**Dataset extract:**
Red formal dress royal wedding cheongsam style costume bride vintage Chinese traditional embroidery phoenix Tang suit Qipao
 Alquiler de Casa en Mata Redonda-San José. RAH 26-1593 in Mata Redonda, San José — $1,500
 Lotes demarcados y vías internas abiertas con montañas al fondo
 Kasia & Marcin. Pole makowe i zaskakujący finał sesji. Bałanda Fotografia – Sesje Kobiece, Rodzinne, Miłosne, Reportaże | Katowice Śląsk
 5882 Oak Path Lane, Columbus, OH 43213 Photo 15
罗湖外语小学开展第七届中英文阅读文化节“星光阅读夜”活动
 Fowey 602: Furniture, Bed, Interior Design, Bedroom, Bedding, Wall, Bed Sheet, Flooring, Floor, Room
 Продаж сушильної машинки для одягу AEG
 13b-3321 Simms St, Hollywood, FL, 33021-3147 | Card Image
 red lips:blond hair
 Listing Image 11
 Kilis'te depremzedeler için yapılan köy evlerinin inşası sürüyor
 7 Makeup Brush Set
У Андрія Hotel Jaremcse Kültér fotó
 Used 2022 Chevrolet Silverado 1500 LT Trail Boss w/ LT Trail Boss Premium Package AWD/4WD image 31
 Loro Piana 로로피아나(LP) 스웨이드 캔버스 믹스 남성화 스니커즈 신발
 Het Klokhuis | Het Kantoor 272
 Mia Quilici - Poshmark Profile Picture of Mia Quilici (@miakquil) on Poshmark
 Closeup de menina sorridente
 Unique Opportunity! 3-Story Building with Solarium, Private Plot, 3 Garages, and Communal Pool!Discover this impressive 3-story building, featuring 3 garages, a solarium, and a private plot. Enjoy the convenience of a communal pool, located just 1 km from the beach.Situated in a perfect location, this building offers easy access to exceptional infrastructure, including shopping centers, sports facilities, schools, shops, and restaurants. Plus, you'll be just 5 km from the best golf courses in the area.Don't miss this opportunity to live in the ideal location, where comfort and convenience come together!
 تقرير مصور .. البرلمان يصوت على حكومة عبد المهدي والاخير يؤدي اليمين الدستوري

**What to do:** Take the lines from the start of the records through the line holding "Closeup de menina sorridente", both included, and please print them exactly, with nothing else.

**Written solution:**
Red formal dress royal wedding cheongsam style costume bride vintage Chinese traditional embroidery phoenix Tang suit Qipao
 Alquiler de Casa en Mata Redonda-San José. RAH 26-1593 in Mata Redonda, San José — $1,500
 Lotes demarcados y vías internas abiertas con montañas al fondo
 Kasia & Marcin. Pole makowe i zaskakujący finał sesji. Bałanda Fotografia – Sesje Kobiece, Rodzinne, Miłosne, Reportaże | Katowice Śląsk
 5882 Oak Path Lane, Columbus, OH 43213 Photo 15
罗湖外语小学开展第七届中英文阅读文化节“星光阅读夜”活动
 Fowey 602: Furniture, Bed, Interior Design, Bedroom, Bedding, Wall, Bed Sheet, Flooring, Floor, Room
 Продаж сушильної машинки для одягу AEG
 13b-3321 Simms St, Hollywood, FL, 33021-3147 | Card Image
 red lips:blond hair
 Listing Image 11
 Kilis'te depremzedeler için yapılan köy evlerinin inşası sürüyor
 7 Makeup Brush Set
У Андрія Hotel Jaremcse Kültér fotó
 Used 2022 Chevrolet Silverado 1500 LT Trail Boss w/ LT Trail Boss Premium Package AWD/4WD image 31
 Loro Piana 로로피아나(LP) 스웨이드 캔버스 믹스 남성화 스니커즈 신발
 Het Klokhuis | Het Kantoor 272
 Mia Quilici - Poshmark Profile Picture of Mia Quilici (@miakquil) on Poshmark
 Closeup de menina sorridente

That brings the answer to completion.